◆ Exercise directions ◆
Below are the entries. Transcribe exactly the lines from the one with "Lass die KI" through the one with "marco juridico de", ends included, and leave out all others.

***** Source information *****

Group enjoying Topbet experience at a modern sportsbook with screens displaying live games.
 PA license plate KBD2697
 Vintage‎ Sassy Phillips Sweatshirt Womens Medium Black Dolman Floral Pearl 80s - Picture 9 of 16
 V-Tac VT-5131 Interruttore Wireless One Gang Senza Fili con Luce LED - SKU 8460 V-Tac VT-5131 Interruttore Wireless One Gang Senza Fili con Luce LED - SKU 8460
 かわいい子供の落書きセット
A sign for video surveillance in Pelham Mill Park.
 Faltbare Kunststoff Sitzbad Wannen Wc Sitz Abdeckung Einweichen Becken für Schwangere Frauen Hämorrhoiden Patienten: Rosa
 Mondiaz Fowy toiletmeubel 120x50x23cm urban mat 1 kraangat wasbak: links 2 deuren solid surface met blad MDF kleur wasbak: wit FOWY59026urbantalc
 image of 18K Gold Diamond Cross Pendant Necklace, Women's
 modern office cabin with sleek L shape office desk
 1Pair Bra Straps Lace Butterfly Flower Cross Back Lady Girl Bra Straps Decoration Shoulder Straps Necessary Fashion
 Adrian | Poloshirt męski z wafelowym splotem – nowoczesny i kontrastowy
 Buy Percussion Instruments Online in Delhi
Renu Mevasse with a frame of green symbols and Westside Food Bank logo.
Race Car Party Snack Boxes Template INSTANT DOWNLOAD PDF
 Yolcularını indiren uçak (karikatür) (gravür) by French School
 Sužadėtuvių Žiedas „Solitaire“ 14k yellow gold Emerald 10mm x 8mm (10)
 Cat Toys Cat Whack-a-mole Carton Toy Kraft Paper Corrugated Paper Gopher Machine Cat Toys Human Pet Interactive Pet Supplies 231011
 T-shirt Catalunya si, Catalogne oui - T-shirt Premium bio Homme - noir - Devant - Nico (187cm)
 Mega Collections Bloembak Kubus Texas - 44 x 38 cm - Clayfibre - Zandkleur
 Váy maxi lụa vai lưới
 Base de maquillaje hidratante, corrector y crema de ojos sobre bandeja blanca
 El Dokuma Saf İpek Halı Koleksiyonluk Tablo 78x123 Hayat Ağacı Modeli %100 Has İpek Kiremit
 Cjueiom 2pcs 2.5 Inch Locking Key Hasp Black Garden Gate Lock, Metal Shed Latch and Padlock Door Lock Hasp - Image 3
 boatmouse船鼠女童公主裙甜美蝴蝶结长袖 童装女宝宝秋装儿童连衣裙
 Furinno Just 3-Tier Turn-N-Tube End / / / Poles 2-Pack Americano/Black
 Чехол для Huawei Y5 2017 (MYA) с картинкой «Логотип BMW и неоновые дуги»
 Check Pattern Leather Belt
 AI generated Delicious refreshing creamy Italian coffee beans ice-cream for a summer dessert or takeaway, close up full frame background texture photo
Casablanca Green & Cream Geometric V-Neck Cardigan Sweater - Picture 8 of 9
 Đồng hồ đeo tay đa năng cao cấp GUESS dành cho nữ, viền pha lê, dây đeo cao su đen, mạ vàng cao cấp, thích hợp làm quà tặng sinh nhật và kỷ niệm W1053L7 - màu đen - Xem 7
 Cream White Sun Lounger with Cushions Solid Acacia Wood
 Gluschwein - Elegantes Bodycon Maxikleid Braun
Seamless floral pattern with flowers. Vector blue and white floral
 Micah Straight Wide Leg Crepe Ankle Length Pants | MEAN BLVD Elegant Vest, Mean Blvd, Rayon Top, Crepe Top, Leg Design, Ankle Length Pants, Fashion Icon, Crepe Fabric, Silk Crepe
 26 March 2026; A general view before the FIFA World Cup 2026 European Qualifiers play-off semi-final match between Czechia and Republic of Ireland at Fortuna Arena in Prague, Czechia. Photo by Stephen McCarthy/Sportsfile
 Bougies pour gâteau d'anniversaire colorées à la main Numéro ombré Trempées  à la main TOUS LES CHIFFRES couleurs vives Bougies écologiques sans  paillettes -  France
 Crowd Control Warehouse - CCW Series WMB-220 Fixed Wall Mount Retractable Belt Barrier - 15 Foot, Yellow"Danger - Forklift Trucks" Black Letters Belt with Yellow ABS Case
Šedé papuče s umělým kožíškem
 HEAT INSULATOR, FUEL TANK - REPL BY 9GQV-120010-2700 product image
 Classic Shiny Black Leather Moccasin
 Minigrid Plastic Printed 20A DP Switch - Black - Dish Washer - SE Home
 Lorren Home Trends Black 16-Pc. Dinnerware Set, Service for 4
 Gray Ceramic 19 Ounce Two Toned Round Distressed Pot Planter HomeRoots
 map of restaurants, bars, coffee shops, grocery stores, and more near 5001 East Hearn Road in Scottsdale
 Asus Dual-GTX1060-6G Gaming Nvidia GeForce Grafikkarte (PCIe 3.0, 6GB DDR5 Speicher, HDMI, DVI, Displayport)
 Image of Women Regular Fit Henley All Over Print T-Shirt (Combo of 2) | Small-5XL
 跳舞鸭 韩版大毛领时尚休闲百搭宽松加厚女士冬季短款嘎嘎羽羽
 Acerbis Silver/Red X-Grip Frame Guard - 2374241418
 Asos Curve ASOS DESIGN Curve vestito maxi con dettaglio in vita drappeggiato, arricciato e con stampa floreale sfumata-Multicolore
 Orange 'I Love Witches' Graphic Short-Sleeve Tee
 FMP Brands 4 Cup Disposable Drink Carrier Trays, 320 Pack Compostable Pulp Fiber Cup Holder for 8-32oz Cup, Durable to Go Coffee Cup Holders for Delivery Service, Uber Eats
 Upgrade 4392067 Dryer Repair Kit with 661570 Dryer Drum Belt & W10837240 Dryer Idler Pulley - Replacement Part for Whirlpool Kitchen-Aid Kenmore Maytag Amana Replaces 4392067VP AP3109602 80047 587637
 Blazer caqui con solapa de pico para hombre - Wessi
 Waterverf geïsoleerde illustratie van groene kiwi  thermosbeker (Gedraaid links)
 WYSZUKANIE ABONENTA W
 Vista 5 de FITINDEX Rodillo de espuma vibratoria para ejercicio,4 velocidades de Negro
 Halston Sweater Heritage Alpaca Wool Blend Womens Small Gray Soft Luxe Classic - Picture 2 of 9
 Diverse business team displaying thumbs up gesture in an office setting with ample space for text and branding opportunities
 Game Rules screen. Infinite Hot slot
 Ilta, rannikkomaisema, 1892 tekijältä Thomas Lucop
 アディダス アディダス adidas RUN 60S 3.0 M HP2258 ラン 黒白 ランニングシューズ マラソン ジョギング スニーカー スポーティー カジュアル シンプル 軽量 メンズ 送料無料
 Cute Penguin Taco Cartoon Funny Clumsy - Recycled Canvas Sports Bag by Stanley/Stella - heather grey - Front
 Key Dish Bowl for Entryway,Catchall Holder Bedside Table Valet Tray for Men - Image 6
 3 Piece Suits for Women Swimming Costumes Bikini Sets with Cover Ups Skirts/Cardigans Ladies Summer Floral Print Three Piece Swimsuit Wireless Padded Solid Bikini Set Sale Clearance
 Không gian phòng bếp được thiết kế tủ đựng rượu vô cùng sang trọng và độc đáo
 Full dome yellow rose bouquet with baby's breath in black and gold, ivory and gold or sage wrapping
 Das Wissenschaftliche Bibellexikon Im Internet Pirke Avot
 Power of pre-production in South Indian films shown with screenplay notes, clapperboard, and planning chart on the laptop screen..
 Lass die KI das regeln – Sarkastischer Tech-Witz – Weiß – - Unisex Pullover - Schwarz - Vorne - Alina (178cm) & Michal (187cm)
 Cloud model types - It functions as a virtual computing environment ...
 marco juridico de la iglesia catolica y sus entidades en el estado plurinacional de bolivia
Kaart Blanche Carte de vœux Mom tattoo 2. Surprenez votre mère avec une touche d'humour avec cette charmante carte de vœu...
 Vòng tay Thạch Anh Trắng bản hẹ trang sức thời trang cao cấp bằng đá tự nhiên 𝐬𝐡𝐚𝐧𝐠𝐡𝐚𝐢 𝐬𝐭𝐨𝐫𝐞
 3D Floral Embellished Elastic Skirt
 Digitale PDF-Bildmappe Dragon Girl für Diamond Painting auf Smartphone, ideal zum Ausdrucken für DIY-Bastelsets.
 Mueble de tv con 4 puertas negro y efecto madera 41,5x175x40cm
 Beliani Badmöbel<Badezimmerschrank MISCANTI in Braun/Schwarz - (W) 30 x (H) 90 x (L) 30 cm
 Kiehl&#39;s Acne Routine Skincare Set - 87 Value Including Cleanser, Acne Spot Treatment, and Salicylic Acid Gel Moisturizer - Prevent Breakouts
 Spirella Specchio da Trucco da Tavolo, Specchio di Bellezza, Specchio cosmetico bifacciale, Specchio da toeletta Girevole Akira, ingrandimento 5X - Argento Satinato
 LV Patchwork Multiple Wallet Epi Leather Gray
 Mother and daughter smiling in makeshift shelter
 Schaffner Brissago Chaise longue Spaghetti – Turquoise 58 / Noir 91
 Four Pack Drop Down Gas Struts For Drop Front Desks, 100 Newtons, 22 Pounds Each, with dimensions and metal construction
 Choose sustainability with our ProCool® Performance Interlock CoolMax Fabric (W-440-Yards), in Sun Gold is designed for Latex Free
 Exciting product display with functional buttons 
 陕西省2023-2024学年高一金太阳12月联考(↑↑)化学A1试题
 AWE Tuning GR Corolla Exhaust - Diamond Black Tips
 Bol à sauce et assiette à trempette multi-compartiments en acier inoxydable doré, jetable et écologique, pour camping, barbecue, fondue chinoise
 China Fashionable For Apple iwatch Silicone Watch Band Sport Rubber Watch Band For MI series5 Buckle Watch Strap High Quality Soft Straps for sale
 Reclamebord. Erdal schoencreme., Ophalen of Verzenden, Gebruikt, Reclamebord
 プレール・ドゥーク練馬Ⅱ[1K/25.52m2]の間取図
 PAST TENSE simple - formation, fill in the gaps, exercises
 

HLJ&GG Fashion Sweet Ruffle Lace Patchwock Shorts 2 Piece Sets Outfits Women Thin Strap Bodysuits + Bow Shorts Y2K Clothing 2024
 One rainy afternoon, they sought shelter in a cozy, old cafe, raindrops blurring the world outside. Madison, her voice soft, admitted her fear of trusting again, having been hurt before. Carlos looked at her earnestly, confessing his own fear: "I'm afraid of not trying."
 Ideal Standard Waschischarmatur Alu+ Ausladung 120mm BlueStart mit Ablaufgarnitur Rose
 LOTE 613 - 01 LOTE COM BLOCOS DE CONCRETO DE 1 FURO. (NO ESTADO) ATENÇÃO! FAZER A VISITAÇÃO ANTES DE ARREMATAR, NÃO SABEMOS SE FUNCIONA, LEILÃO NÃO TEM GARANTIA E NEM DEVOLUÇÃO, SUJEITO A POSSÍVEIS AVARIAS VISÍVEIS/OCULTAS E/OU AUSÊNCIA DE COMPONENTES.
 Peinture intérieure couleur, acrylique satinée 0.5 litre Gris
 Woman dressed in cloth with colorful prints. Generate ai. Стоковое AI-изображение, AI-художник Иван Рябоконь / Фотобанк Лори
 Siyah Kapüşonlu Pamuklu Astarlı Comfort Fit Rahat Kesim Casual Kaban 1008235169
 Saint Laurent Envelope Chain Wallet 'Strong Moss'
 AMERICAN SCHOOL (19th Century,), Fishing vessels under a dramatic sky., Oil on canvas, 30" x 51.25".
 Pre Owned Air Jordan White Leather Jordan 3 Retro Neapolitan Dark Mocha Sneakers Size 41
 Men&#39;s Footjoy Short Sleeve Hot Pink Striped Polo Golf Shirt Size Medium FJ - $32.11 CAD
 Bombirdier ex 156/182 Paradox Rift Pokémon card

*****

◆ Result of this exercise ◆
 Lass die KI das regeln – Sarkastischer Tech-Witz – Weiß – - Unisex Pullover - Schwarz - Vorne - Alina (178cm) & Michal (187cm)
 Cloud model types - It functions as a virtual computing environment ...
 marco juridico de la iglesia catolica y sus entidades en el estado plurinacional de bolivia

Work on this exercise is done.